### Problem description
Among the entries below, only the lines from the one with "Kanepe dekorasyon yastık" through the one with "NHL Summer Sizzle" are to be retyped, exactly and without pictures.

### Information supplied

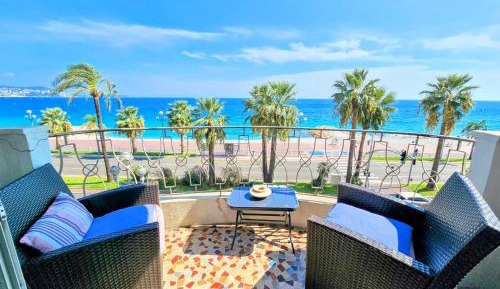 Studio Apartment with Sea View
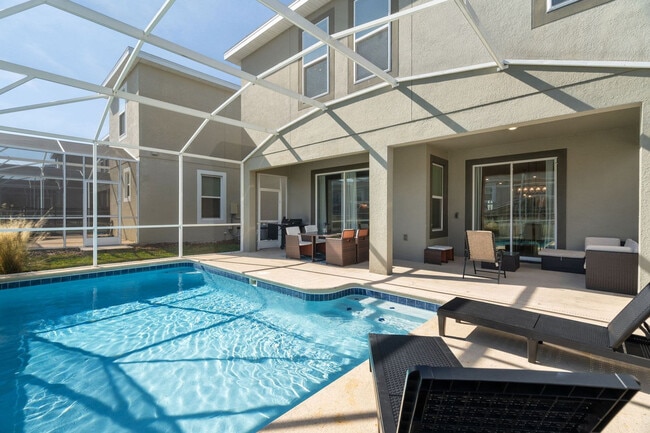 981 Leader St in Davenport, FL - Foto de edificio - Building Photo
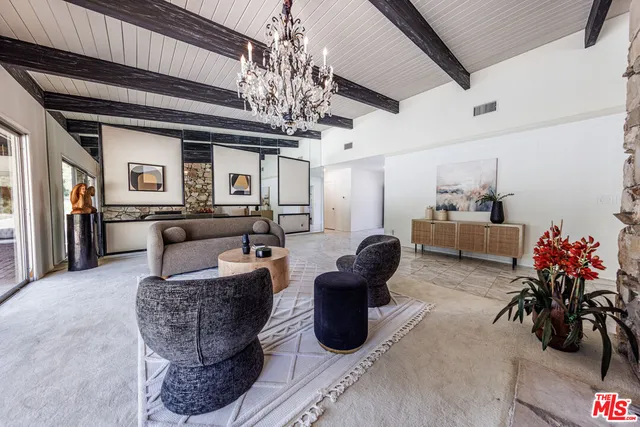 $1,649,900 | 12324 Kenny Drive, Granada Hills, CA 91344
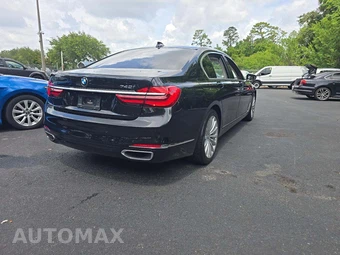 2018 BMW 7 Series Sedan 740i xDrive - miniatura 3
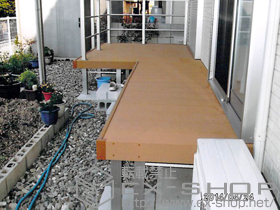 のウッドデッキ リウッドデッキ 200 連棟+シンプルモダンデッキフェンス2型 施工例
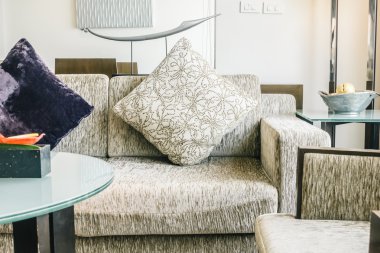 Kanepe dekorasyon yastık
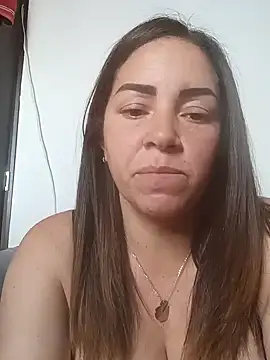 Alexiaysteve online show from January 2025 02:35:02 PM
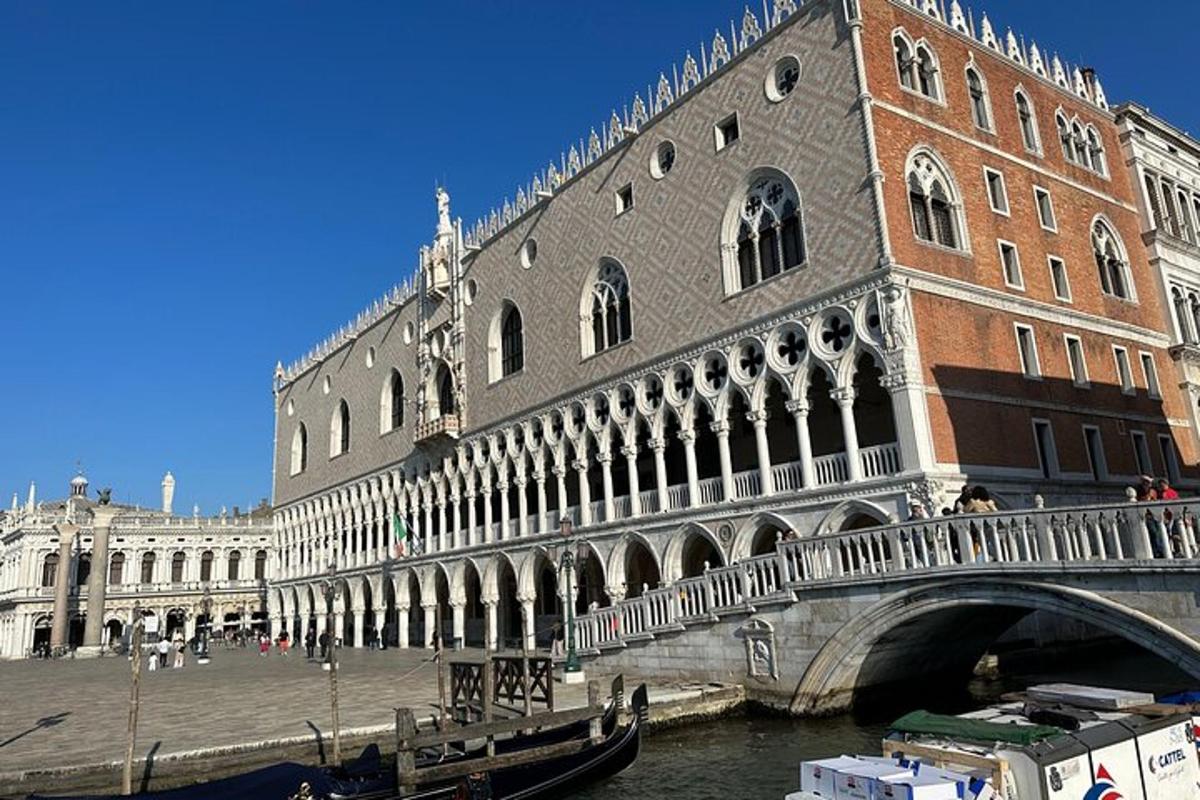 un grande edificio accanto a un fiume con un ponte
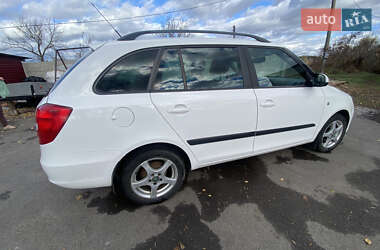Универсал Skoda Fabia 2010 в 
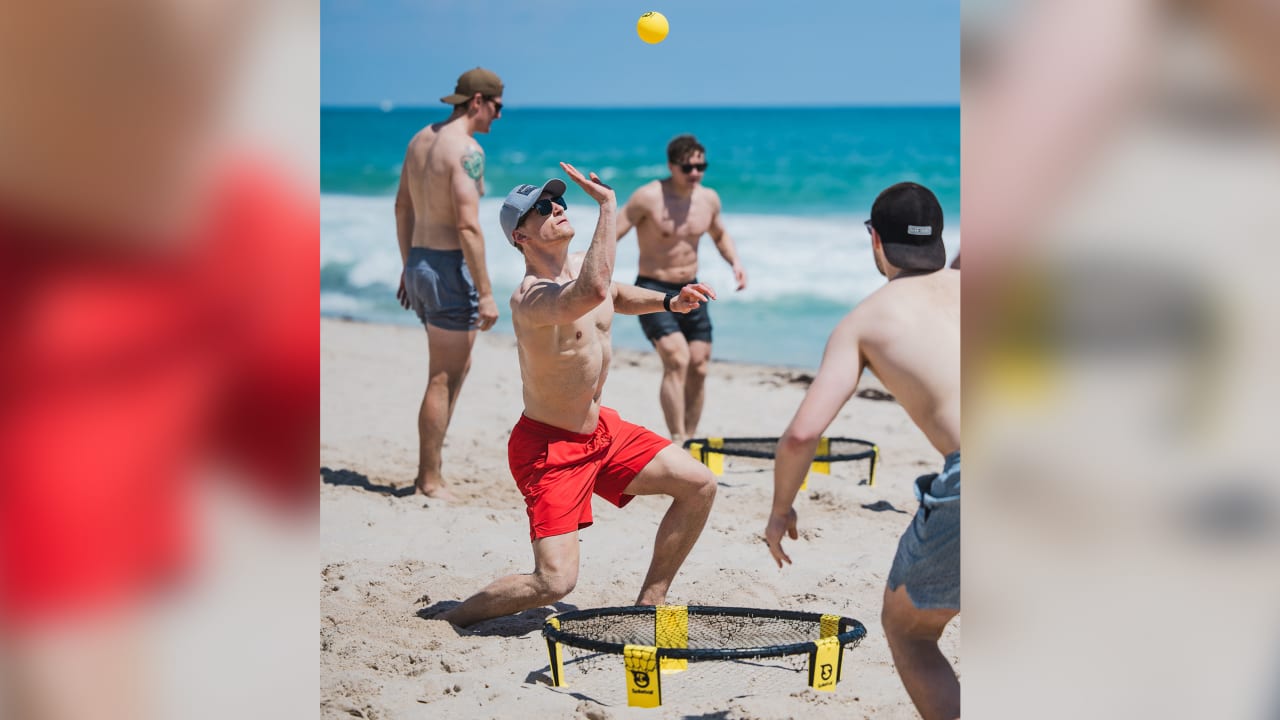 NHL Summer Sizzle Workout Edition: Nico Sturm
...
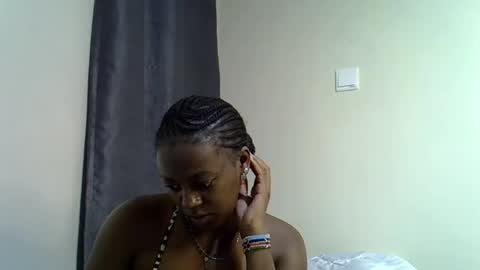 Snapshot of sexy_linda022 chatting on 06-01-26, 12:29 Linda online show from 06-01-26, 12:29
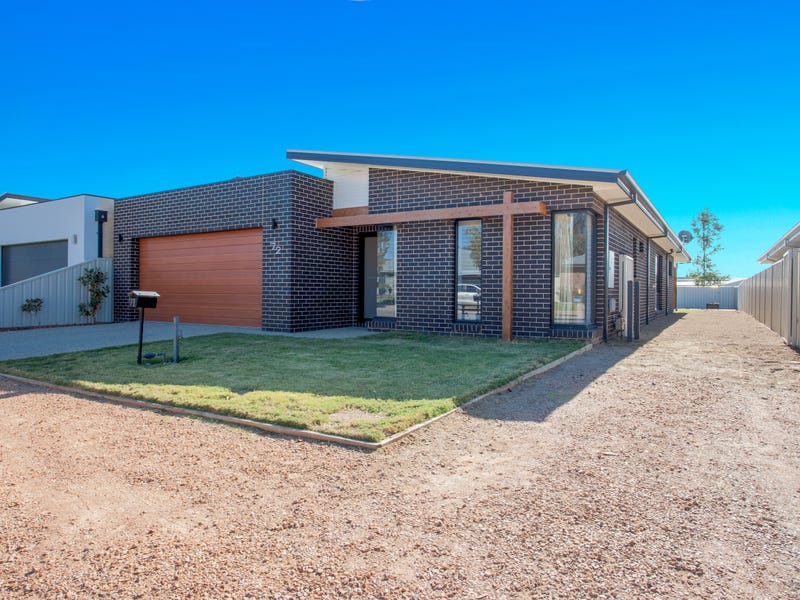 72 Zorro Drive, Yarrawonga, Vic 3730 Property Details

### Task response
 Kanepe dekorasyon yastık
 Alexiaysteve online show from January 2025 02:35:02 PM
 un grande edificio accanto a un fiume con un ponte
Универсал Skoda Fabia 2010 в 
 NHL Summer Sizzle Workout Edition: Nico Sturm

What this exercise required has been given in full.